Work instructions:
Exactly reproduce the lines beginning with the line that includes "Beginnings are apt" and ending with the last line of the data.

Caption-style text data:

● ● ●

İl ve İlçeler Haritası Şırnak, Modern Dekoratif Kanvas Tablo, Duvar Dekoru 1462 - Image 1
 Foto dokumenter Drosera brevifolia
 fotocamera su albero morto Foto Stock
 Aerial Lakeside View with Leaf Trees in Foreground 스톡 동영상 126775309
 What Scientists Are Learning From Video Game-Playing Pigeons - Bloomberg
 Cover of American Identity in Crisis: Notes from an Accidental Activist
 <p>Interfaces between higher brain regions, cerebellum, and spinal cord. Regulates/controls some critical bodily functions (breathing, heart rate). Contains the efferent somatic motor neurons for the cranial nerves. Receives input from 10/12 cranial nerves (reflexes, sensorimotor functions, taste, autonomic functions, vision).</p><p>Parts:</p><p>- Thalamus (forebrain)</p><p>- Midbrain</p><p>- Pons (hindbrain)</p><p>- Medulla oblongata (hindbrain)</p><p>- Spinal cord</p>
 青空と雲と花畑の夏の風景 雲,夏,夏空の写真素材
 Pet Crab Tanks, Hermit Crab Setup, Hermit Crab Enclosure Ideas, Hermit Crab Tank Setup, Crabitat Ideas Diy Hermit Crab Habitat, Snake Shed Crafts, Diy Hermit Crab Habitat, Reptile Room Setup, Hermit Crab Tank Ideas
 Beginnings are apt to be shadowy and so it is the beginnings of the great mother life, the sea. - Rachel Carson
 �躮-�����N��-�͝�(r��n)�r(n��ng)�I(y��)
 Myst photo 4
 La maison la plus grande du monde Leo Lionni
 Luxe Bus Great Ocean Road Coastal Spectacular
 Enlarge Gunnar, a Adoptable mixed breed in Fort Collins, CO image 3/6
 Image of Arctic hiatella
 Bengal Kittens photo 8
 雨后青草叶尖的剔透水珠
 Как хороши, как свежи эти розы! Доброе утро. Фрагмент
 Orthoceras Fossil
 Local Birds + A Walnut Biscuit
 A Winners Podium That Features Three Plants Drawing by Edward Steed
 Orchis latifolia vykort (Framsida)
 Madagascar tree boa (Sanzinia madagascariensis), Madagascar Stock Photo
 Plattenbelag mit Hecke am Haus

● ● ●

Written solution:
 Beginnings are apt to be shadowy and so it is the beginnings of the great mother life, the sea. - Rachel Carson
 �躮-�����N��-�͝�(r��n)�r(n��ng)�I(y��)
 Myst photo 4
 La maison la plus grande du monde Leo Lionni
 Luxe Bus Great Ocean Road Coastal Spectacular
 Enlarge Gunnar, a Adoptable mixed breed in Fort Collins, CO image 3/6
 Image of Arctic hiatella
 Bengal Kittens photo 8
 雨后青草叶尖的剔透水珠
 Как хороши, как свежи эти розы! Доброе утро. Фрагмент
 Orthoceras Fossil
 Local Birds + A Walnut Biscuit
 A Winners Podium That Features Three Plants Drawing by Edward Steed
 Orchis latifolia vykort (Framsida)
 Madagascar tree boa (Sanzinia madagascariensis), Madagascar Stock Photo
 Plattenbelag mit Hecke am Haus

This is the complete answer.